DATA PROVIDED:

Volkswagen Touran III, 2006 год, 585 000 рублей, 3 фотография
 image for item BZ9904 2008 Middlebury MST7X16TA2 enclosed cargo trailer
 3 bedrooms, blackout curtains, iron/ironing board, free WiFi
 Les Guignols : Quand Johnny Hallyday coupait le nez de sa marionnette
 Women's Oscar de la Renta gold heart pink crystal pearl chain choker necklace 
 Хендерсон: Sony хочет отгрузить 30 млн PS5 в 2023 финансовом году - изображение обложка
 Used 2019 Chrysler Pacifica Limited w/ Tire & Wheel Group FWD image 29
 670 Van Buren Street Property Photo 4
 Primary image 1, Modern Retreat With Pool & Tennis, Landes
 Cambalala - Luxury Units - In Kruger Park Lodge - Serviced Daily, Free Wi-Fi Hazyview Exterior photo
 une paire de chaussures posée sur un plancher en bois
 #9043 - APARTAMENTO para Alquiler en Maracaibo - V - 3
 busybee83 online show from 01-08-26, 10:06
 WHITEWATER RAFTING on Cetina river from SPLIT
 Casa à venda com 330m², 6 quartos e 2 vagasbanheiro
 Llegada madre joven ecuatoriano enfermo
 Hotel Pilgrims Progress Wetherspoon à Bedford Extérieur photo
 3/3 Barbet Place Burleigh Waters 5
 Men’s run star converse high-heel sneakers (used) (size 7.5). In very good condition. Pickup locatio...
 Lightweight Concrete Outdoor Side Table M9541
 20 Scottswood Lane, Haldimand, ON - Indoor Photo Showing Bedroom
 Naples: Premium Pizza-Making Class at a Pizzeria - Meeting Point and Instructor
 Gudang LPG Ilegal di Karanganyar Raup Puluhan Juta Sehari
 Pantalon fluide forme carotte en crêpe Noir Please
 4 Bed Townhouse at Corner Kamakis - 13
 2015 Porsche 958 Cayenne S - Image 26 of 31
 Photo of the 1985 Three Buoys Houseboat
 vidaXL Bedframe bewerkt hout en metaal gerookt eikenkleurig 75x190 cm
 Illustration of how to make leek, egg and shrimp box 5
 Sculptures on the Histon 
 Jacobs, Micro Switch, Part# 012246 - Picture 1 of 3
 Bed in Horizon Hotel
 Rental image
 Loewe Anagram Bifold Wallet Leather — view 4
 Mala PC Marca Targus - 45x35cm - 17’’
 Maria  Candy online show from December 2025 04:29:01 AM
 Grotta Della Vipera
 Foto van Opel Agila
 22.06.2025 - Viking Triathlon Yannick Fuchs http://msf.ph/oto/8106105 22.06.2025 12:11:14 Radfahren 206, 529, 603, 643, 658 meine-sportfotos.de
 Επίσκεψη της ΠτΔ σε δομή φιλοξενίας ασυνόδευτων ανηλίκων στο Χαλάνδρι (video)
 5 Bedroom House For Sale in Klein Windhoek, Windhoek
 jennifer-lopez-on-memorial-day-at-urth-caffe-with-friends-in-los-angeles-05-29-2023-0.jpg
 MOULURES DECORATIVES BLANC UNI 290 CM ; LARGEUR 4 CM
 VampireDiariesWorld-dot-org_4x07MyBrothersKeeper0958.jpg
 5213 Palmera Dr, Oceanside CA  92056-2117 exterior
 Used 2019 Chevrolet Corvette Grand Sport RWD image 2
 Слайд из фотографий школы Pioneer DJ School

ACTIVITY: Above are some lines. Repeat exactly, and only, those from the line that has "Gudang LPG Ilegal" through the line that has "Foto van Opel Agila".

RESULT BELOW:
 Gudang LPG Ilegal di Karanganyar Raup Puluhan Juta Sehari
 Pantalon fluide forme carotte en crêpe Noir Please
 4 Bed Townhouse at Corner Kamakis - 13
 2015 Porsche 958 Cayenne S - Image 26 of 31
 Photo of the 1985 Three Buoys Houseboat
 vidaXL Bedframe bewerkt hout en metaal gerookt eikenkleurig 75x190 cm
 Illustration of how to make leek, egg and shrimp box 5
 Sculptures on the Histon 
 Jacobs, Micro Switch, Part# 012246 - Picture 1 of 3
 Bed in Horizon Hotel
 Rental image
 Loewe Anagram Bifold Wallet Leather — view 4
 Mala PC Marca Targus - 45x35cm - 17’’
 Maria  Candy online show from December 2025 04:29:01 AM
 Grotta Della Vipera
 Foto van Opel Agila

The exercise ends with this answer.